EXERCISE REQUIREMENTS ▸
All lines below between the line with "Overseas customer team" and the line with "9013 Gailes Drive, Charlotte, NC", including both, must be copied exactly, and the pictures must be omitted.

LISTED ENTRIES ▸

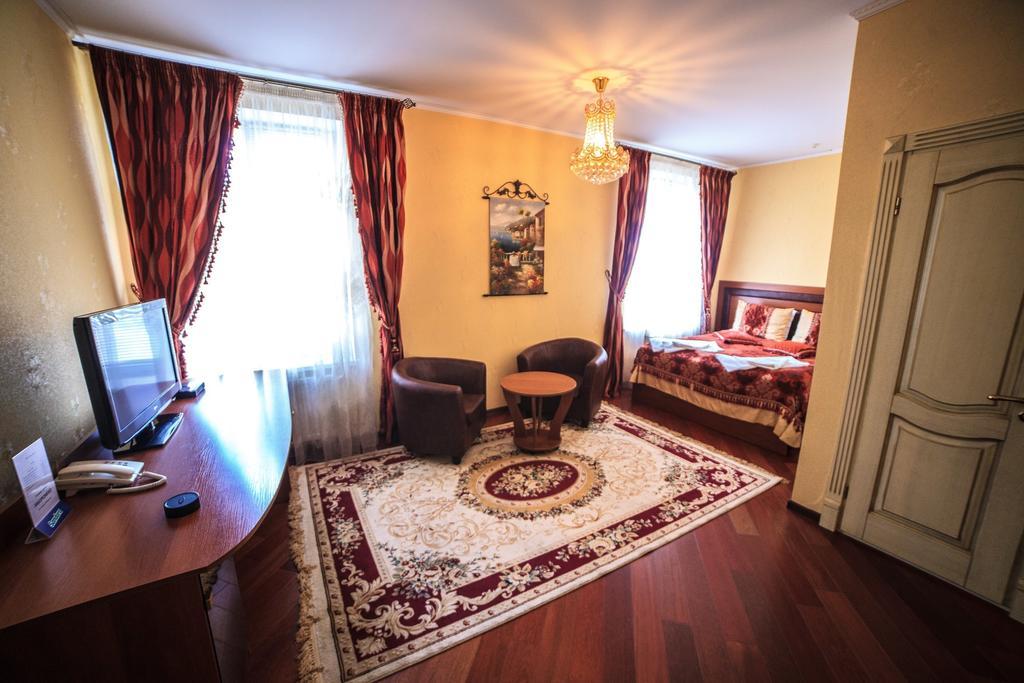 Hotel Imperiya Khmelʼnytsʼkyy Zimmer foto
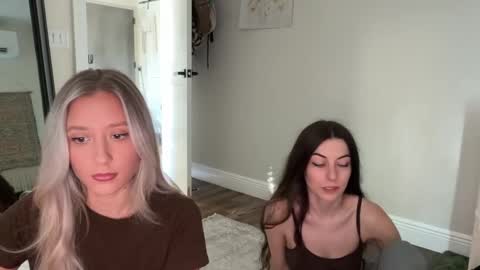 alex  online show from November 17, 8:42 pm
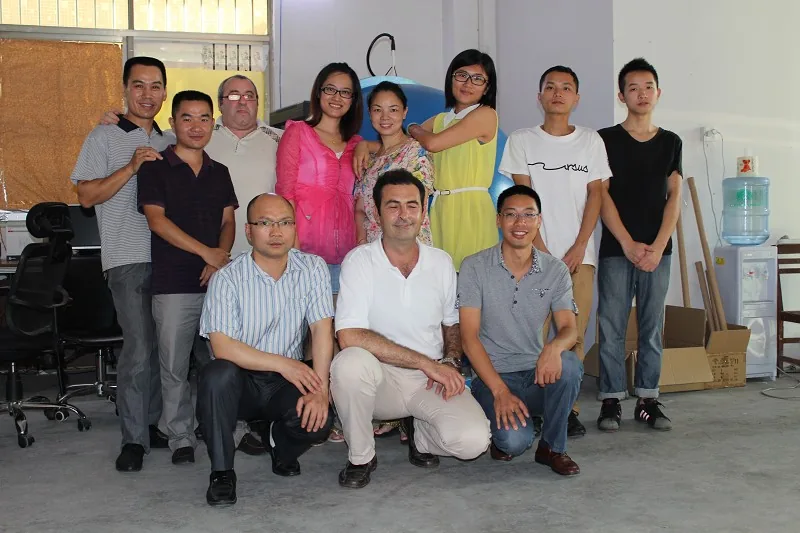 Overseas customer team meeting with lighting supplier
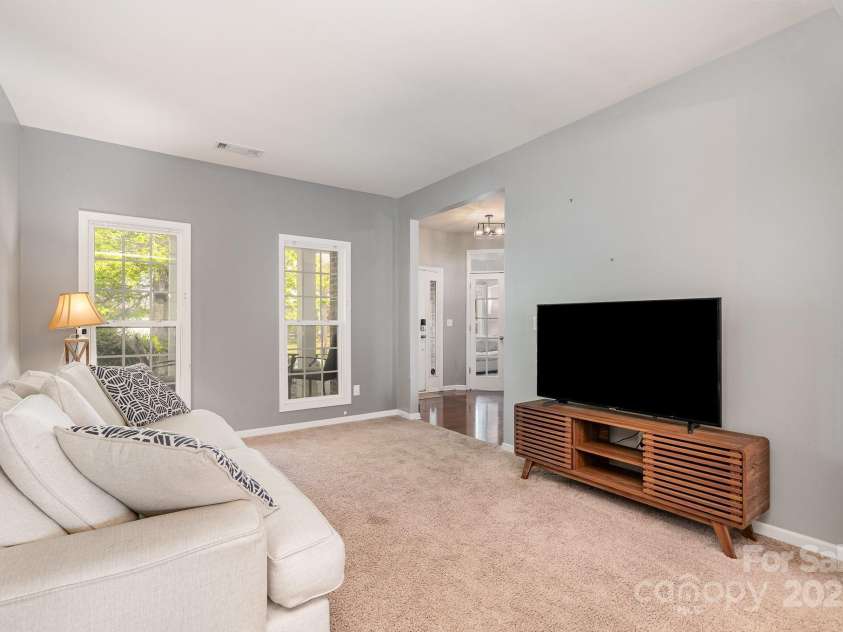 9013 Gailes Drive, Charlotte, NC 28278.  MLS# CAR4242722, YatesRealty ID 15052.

* * *

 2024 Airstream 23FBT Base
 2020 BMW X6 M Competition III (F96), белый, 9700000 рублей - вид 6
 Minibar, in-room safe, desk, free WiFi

--

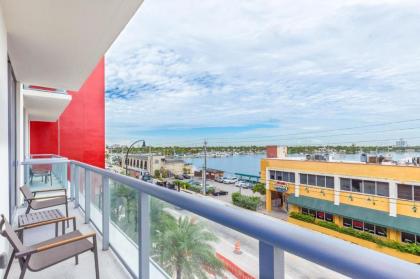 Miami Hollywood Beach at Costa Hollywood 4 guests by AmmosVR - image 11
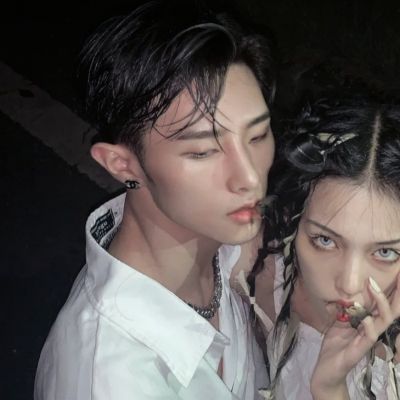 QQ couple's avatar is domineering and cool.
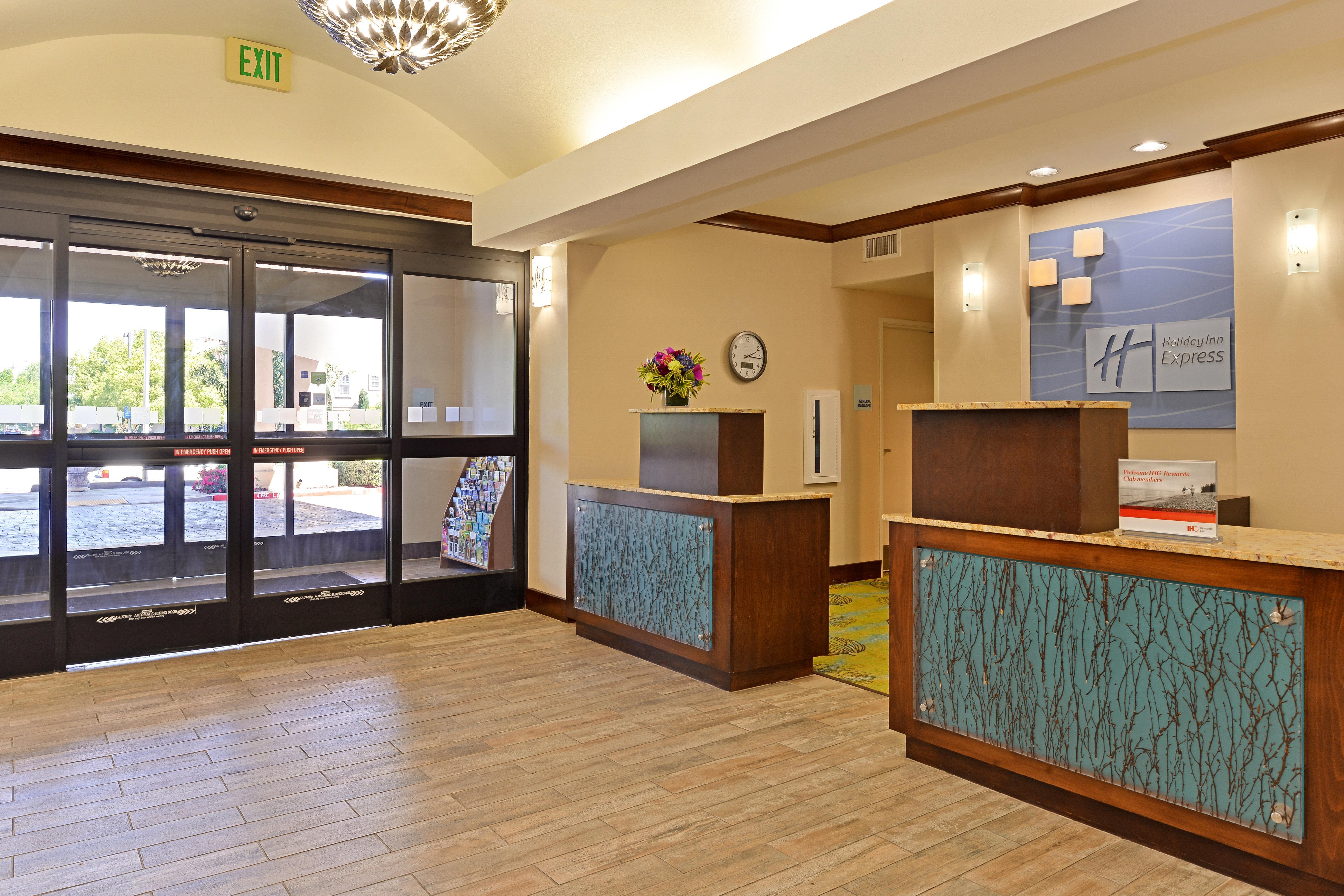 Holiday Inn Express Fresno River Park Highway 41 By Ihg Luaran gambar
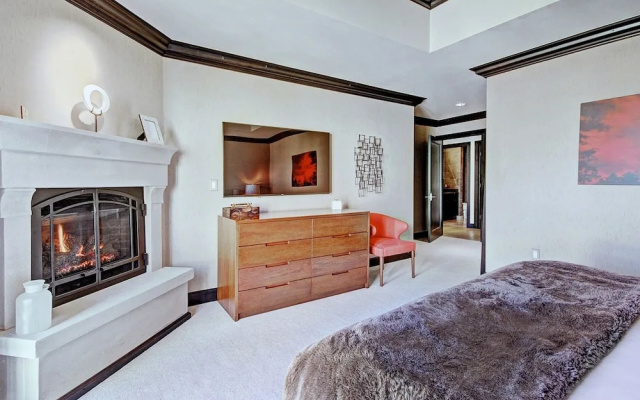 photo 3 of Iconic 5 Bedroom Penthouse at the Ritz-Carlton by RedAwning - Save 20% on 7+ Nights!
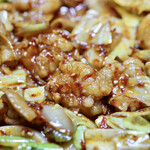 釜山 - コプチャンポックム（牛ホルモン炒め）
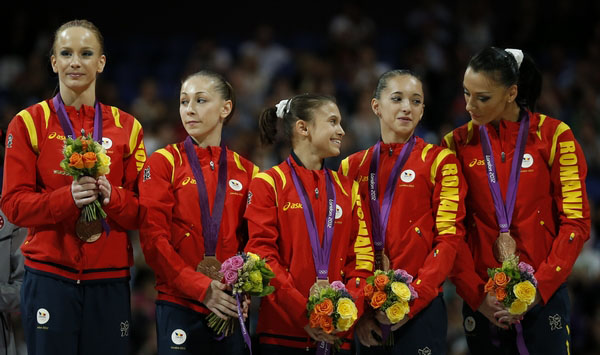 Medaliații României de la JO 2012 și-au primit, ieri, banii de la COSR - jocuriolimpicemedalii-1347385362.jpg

YOUR SOLUTION ▸
 Overseas customer team meeting with lighting supplier
 9013 Gailes Drive, Charlotte, NC 28278.  MLS# CAR4242722, YatesRealty ID 15052.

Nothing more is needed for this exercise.